Come può affrontare la morte e la putrefazione della carne un mondo che ormai deifica i corpi in una continua (sovra)esposizione multimediale? Ma è ovvio, trasformandole in un’esperienza interattiva in tre dimensioni per smartphone, tablet e schermi vari. Ci sono i sudari innovativi di Karsh che permettono di osservare i corpi mentre vanno in frantumi sotto terra, come se la visione del disfacimento potesse in qualche modo preservare l’integrità dei sentimenti per una moglie morta o per gli altri cari estinti dei clienti del suo cimitero-ristorante.

E mentre la consorte del protagonista si dissolve e marcisce, il suo corpo rivive e perdura come un’illusione nella realtà aumentata, una proiezione elettronica che simula quelle forme ormai perdute. E l’amore di Karsh (un ottimo Vincent Cassel) sembra insistere solo su quelle, come un feticcio, incapace di librarsi un poco più in alto e oltre.

Cronenberg sembra costruire una duplice riflessione-rompicapo. Da una parte c’è la sua figura di cineasta, il regista-autore rappresentato dallo stesso Karsh che si interroga sulla sua fama morbosamente legata alla corporeità e a tutte le sue degenerazioni. Dall’altra parte il film sembra deragliare volutamente in un incubo labirintico incomprensibile che fa evidentemente la parodia dell’attuale mondo dominato dalla post-verità, dal complottismo spinto, dalla pervasività della tecnologia e dell’Ai (sempre un po’ sospetta), da un edonismo carnale ormai privo di anima e valori.

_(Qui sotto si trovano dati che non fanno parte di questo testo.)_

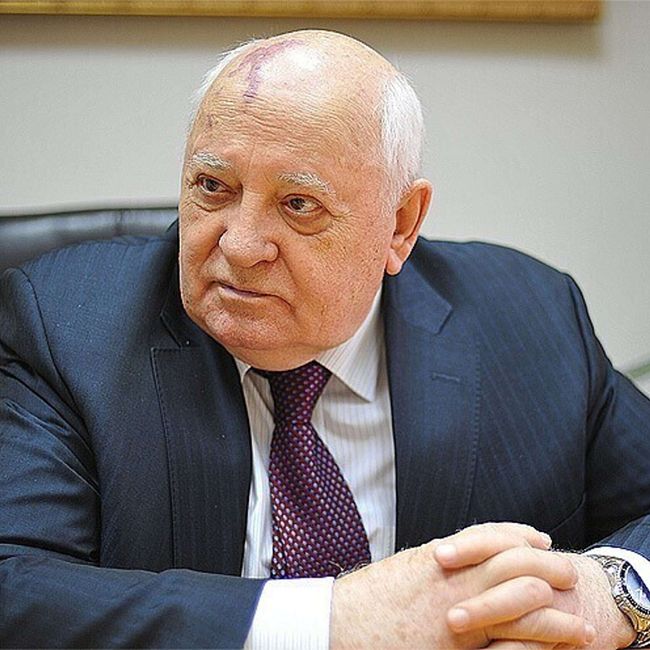 Михаил Горбачёв: «Я Олимпиаду почти всю смотрел. А то, что не было гимна и флага России - безобразие!»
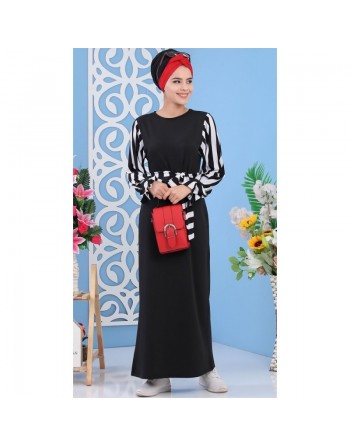 Robe pas chère de couleur noire avec manches à rayures noires et blanches pour femme 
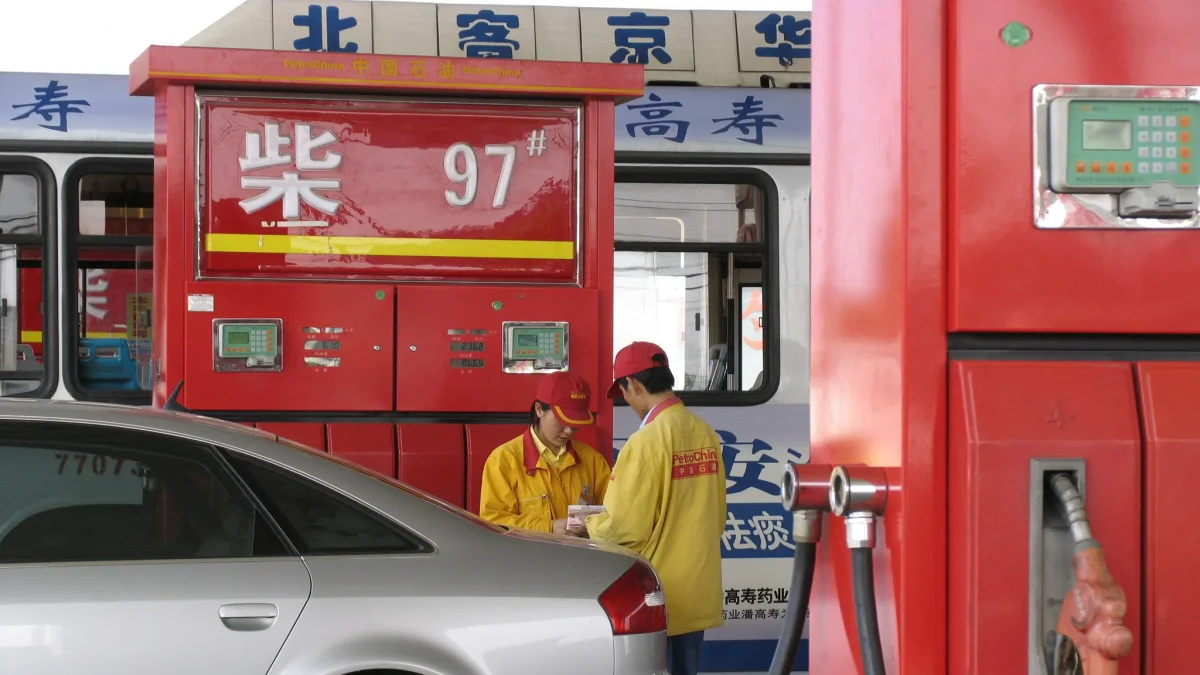 Despacho de combustible en una gasolinera de China.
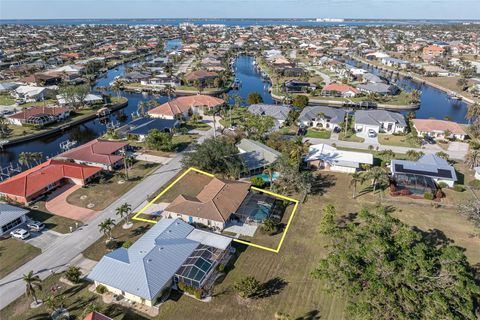 A home in PUNTA GORDA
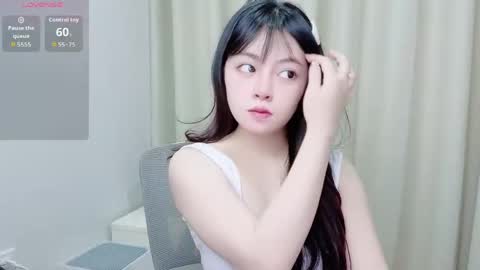 Snapshot of minaaaa69879 chatting on May 26, 2026, 2:07 am Na online show from May 26, 2026, 2:07 am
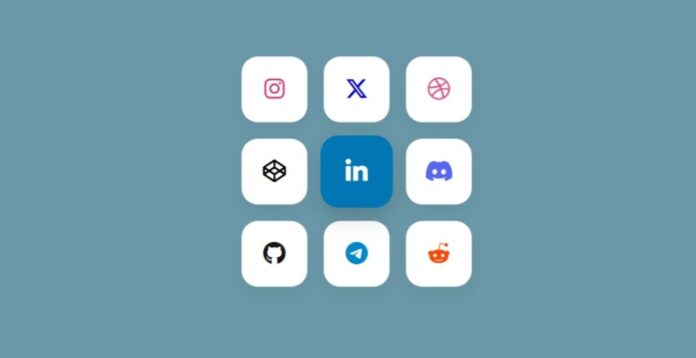 Social Media Buttons with CSS Hover Effects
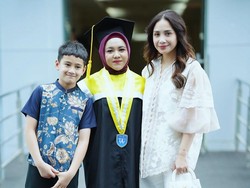Rafathar dan Nagita Slavina Hadiri Momen Wisuda Mbak Lala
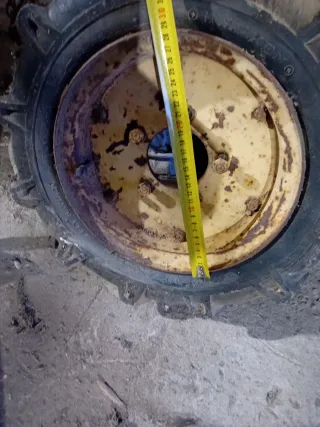 Rueda Tractor Cosechadora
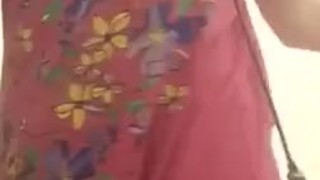 Кручу попой пока  сидит в соседней комнате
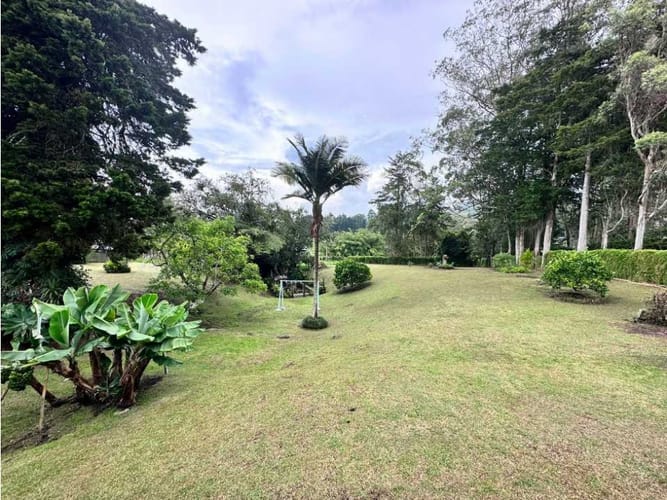 Casa de 6 alcobas en venta en Llano Grande, Rionegro, 300 m² · foto 15 de 24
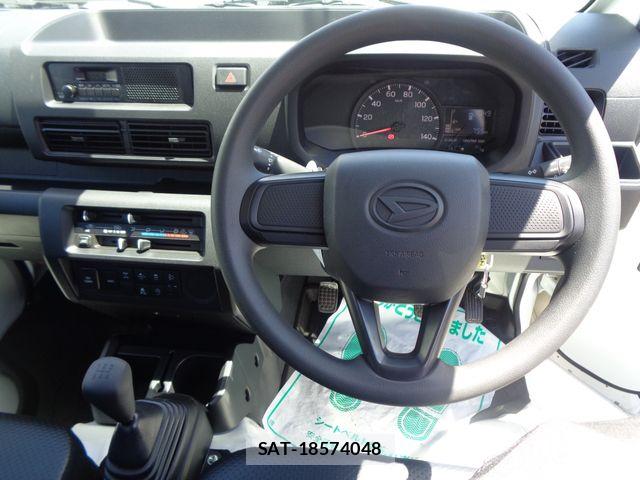 Daihatsu HIJET TRUCK 2026-01 8366225-17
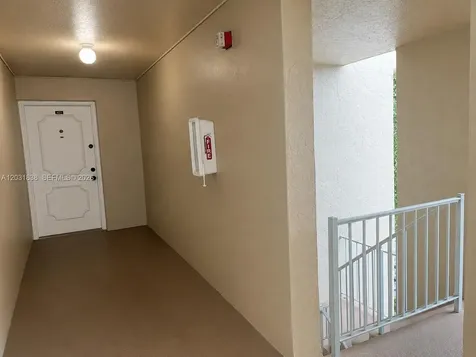 9420 Tangerine Place Davie FL 33324
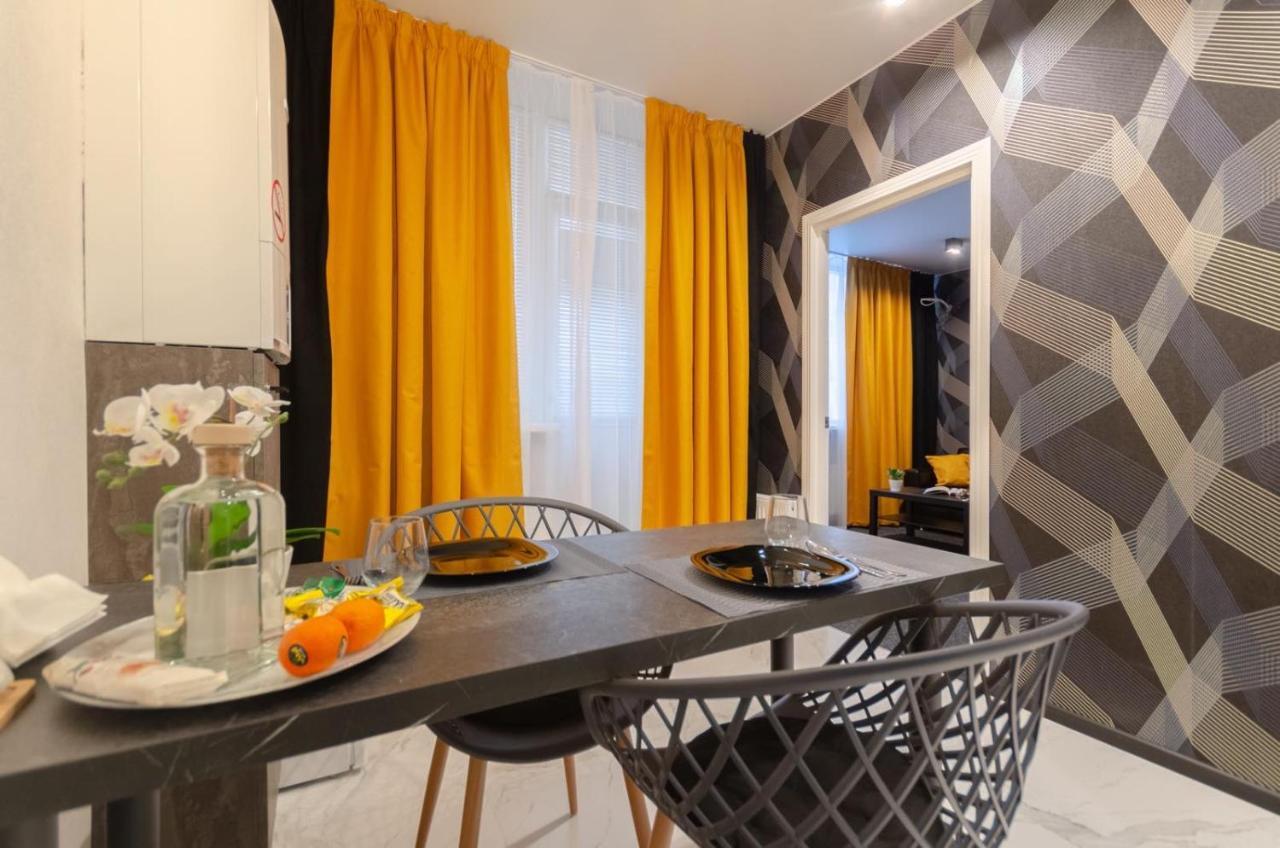 Samira 2 Apartment Киев Екстериор снимка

E per assurdo (solo in apparenza) il regista per eccellenza del body horror giunge a una durissima critica alla società dei corpi esposti e venerati come unico valore. La moglie Rebecca (Diane Kruger) va in frantumi, è mutilata, ma non per un complotto russo-cinese, e nemmeno per le oscure trame di un suo professore ex amante di stanza in Islanda. Sono i suoi sentimenti (di Karsh) corrotti dal vizio carnale (nuove donne e amanti sempre poco “ortodosse”) che mortificano, mutilandola, la proiezione nella realtà virtuale della donna.

Come a dire: non esiste tecnologia in grado di preservare le forme ideali dell’amore, e non è la morte che uccide, ma la corruzione dell’animo. In un mondo labirintico, dove il surplus di informazioni allontana dalla verità invece di avvicinare, il percorso morale dell’individuo verso la saggezza e la comprensione-accettazione del dolore diventano sempre più difficili, se non impossibili.

Siamo perduti tra i nostri feticci, ognuno con il suo complotto, la sua patetica porzione di verità, la sua grande o piccola dose di perversione fomentata da schermi, video, smartphone che ci perseguiteranno anche nella tomba.